果たしてどれほどのアメリカ人が、いや我々日本人でさえも、この瞬間を予見し得ただろうか。15日、米マーリンズのイチロー外野手がパドレス戦で2安打。日米通算安打を4257本とし、ピート・ローズの4256安打を抜いて安打数の世界新記録を樹立した。これでイチローは名実ともに世界最高の安打王になると同時に、あの王貞治、長嶋茂雄をも凌ぐ日本球史最高のプレイヤーとなった。
しかし俺は、それが今一つピンと来ないのだ。王貞治、そして長嶋茂雄。1981年生まれの俺は、当然実際にピッチでプレーをする彼らを観たことがない。俺が知っているのは、後世に数多の野球人によって語られた”神格化”された王・長嶋である。そして彼らの現役時代を知らない俺でさえ、いや知らない俺だからこそ、王・長嶋は日本球界における”神”である、そう刷り込まれ疑いなくそれを受け入れた。そんな”神”と呼ばれし存在を、少なくとも彼らよりは身近な存在として幼い頃から観ていた”人間”イチローが並び追い越す。それについて、俺はどうしても認識の補正が追いつかないのである。

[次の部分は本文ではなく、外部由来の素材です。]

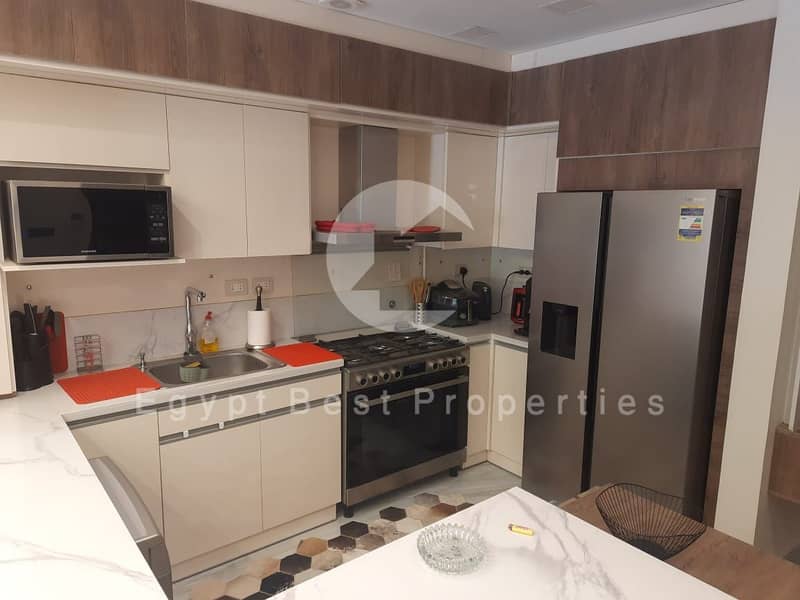 8 IMG-20251013-WA0042. jpg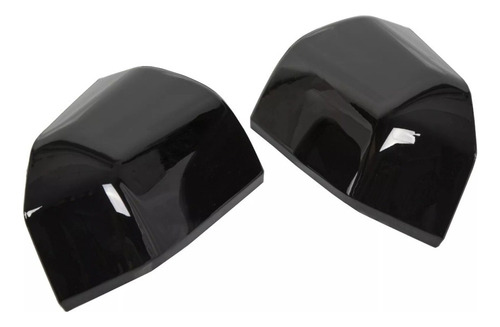 Carcasa Del Espejo Del Modelo Para Ford F150 2015-2020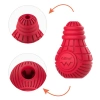 Резиновая лампочка BULB RUBBER, размер М, 10 см GiGwi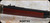 Uberti - 357Mag - 1873 Competition Rifle	- Lever Action - A-Grade Walnut/Case-Hardened Frame/Blued Finish, 20"Octagonal Barrel, Rubber Buttpad, Mfg# 2046, S/N H32733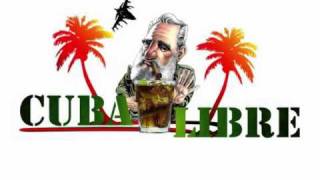 Cuba Libre 2011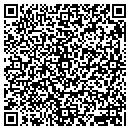 QR code with Opm Liquidators contacts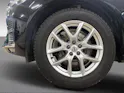 VOLVO XC60 2.0 B4 MH Plus Bright AWD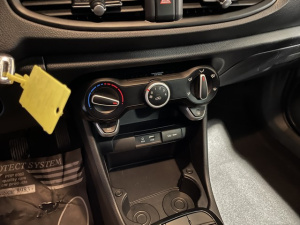 Kia Picanto 1.0 67ch Launch Edition Picanto 95 250km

イチローが歴史として称えられ”神格化”されるのは10年後か、あるいは20年後だろうか。我々が見ているのはまさにその元年、後々語り継がれるであろう歴史的瞬間である。しかしいざ目の当たりにした時、これほどまでに実感が湧かないものであろうか。歴史の目撃者は、目の前のそれを歴史だとは思わない。